[Goal of the exercise]:
Could you transcribe every record below exactly as written, excluding the pictures?

[Material for the task]:

------------

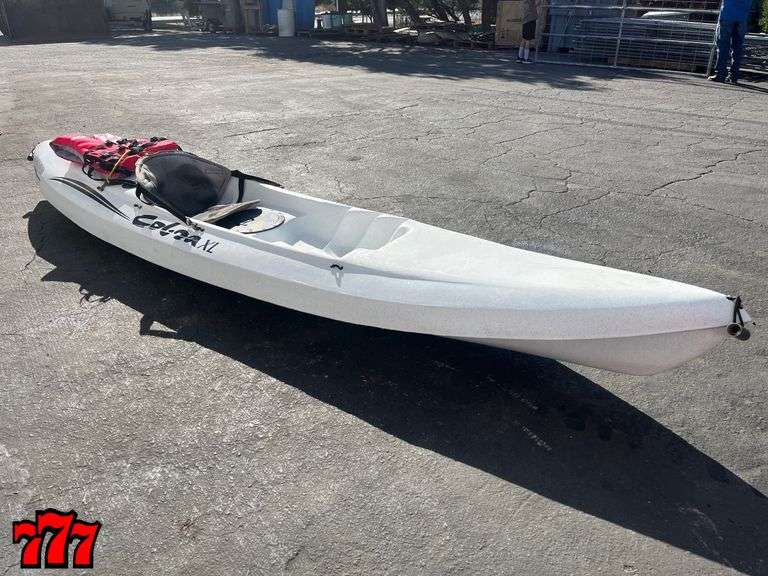 Cobra XL single person kayak with life jacket 777 Auction Company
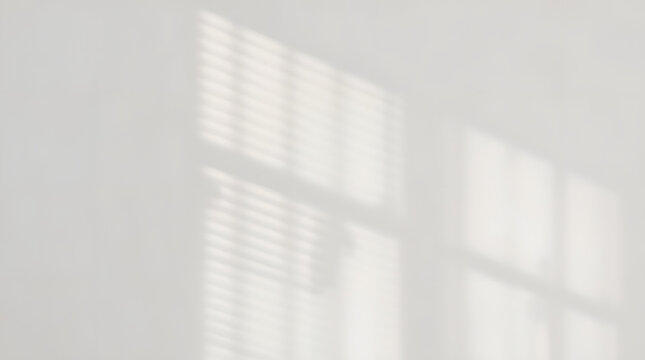 Soft sunlight casting geometric shadows on a white wall
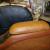 Custom center armrest recovered with brown ostrich and matching vinyl 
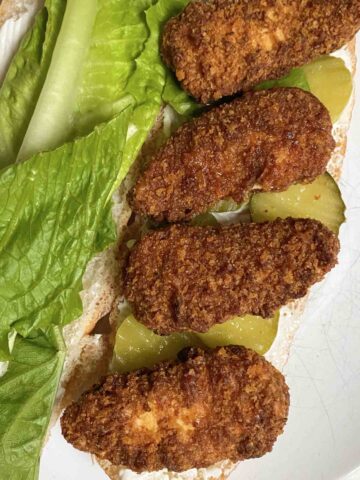 open hoagie roll with lettuce, pickles, mayo, and Gardein Nashville Hot Chickenless Tenders on it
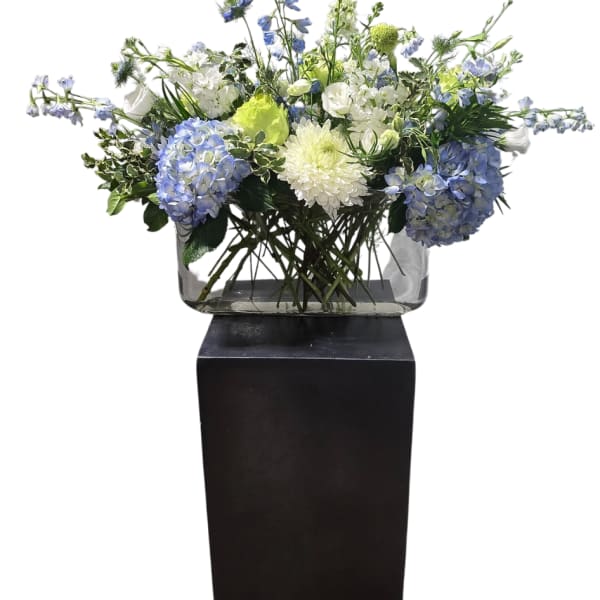 Blue and white floral arrangement in a clear rectangular vase on a black pedestal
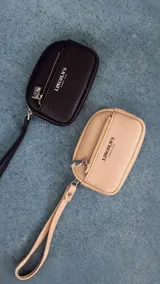 Monedero de mano con diseño compacto, confeccionado en símil cuero con textura granulada. Cuenta con un compartimento principal con cierre, un bolsillo frontal adicional y una correa de muñeca extraíble. Incluye el logo de la marca estampado en el frente.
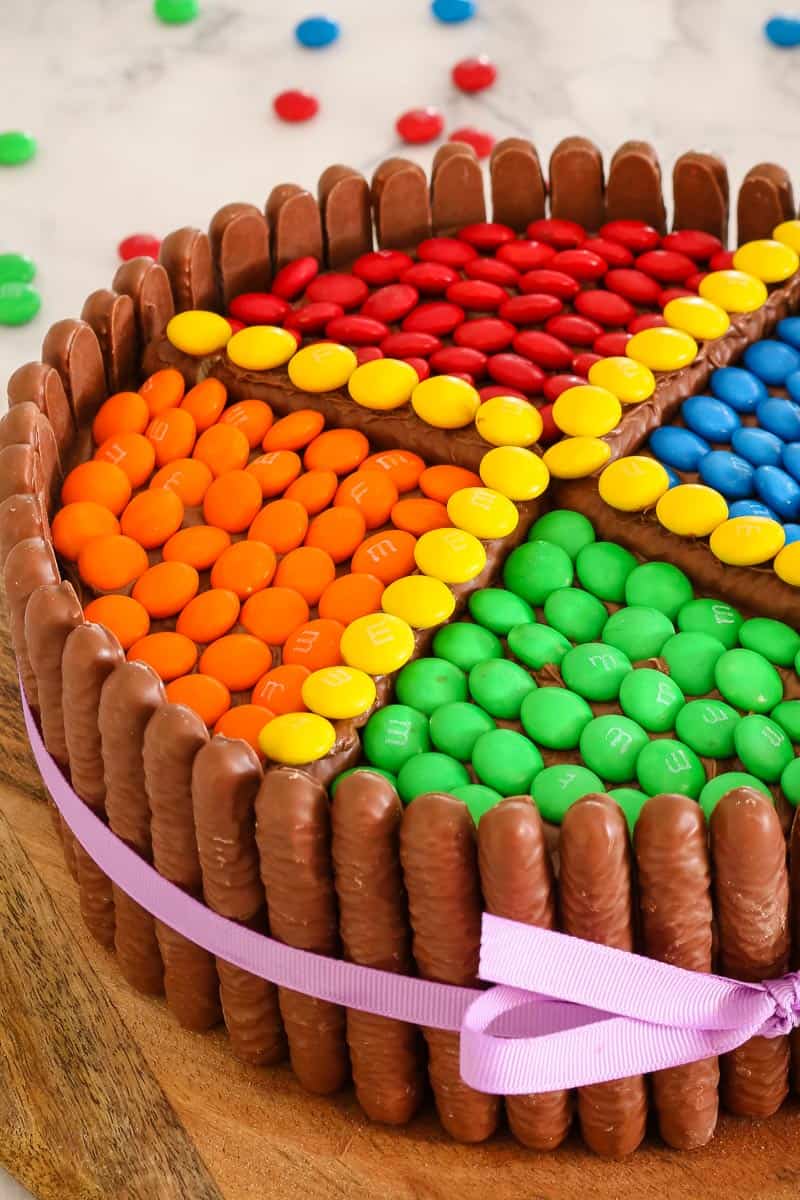 Coloured M&M\'s on top of a round cake that has chocolate log biscuits standing upright around the outside of the cake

------------

[Result]:
 Cobra XL single person kayak with life jacket 777 Auction Company
 Soft sunlight casting geometric shadows on a white wall
 Custom center armrest recovered with brown ostrich and matching vinyl 
 open hoagie roll with lettuce, pickles, mayo, and Gardein Nashville Hot Chickenless Tenders on it
 Blue and white floral arrangement in a clear rectangular vase on a black pedestal
 Monedero de mano con diseño compacto, confeccionado en símil cuero con textura granulada. Cuenta con un compartimento principal con cierre, un bolsillo frontal adicional y una correa de muñeca extraíble. Incluye el logo de la marca estampado en el frente.
 Coloured M&M\'s on top of a round cake that has chocolate log biscuits standing upright around the outside of the cake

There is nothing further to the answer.